La bellezza è dappertutto: nei paesi come Roccafiorita, dove la vetta della montagna sostiene il cielo e la brezza marina entra nelle finestre lasciando "un suono buono come un odore di pane di casa"; nelle trazzere perdute, nei campanili di Casalvecchio Siculo, nelle case, nei volti. Ma se un tempo la Sicilia aspirava a rimanere un mondo senza fenditure, senza comunicazioni con l'esterno, esaudito dalla sua pienezza e bellezza, dalle sue buie e segrete radici se è vero, insomma, che a un Ulisse, nella considerazione popolare, veniva preferito Polifemo, il ribelle che non vuole stranieri nella propria terra , ora si apre irrimediabilmente all'altro da sé. Una bellezza da condividere, dunque, a malincuore. Sicché: Alicudi, isola popolata da animali, ha la sua Eva Maria Stark, donna tedesca che ha munito la propria casa di un pannello solare, una fata che da molti è considerata una strega; il Simeto, dov'è forte il verso delle poiane e il profumo di ginestre, terra di magie e di influssi astrali, accoglie sulle sue sponde la naturalista di Brema Stephanie Hermsen; Canicattì ha le sue rumene, polacche e albanesi, più di mille, e belle, "più belle dell'uva Italia per la quale i Canicattesi una volta perdevano la testa", e che sono la rovina delle unioni coniugali; donne scandinave arrivano di continuo a Corleone a cercar marito dopo il servizio entusiastico di una giornalista danese; Motta Sant'Anastasia ha Sigonella, base militare americana.

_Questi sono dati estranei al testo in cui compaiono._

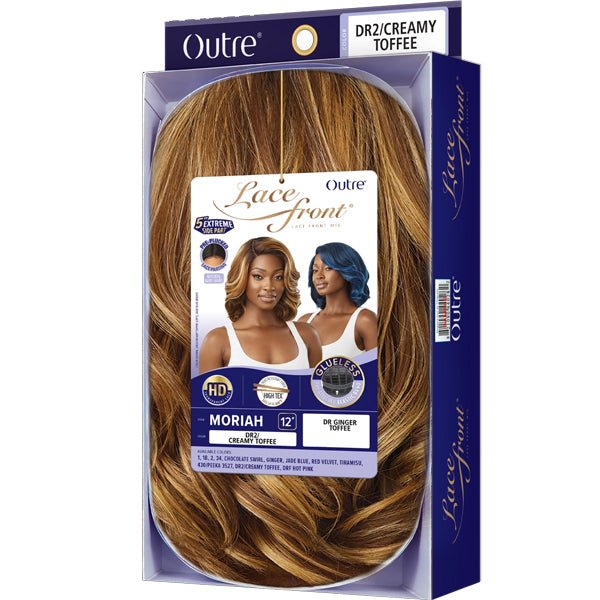Outre Synthetic Swiss HD Lace Front Wig - MORIAH - SoGoodBB.com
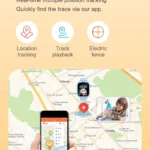 VALDUS 4G Video Call 700 MAh Super Battery Kids Smart Watch IP67 WIFI LBS GPS SIM Card Alarm Clock K26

Curioso sapere, poi, che i soldati americani arrivati a Motta partecipano a un corso di preparazione alla vita siciliana. Per le soldatesse un avvertimento speciale: "I Siciliani vi faranno per strada un sacco di complimenti solo per portarvi a letto; non vi impressionate e non vi offendete: fanno sempre così". Ma al primo posto della sicilian live figura l'educazione stradale: "I Siciliani sorpassano a destra e suonano ai semafori, vi stanno attaccati al cofano e non usano le frecce. Massima allerta". Una sorta di vademecum che riporta alla memoria quei famosi e più antichi Avvertimenti a Marco Antonio Colonna quando andò viceré in Sicilia di Scipio Castro, databili alla seconda metà del secolo XVI, su cui Sciascia, per allestire la sua categoria di "sicilitudine", ha tanto almanaccato. Peccato però che, in quasi tutti gli incidenti stradali, siano coinvolti automezzi americani.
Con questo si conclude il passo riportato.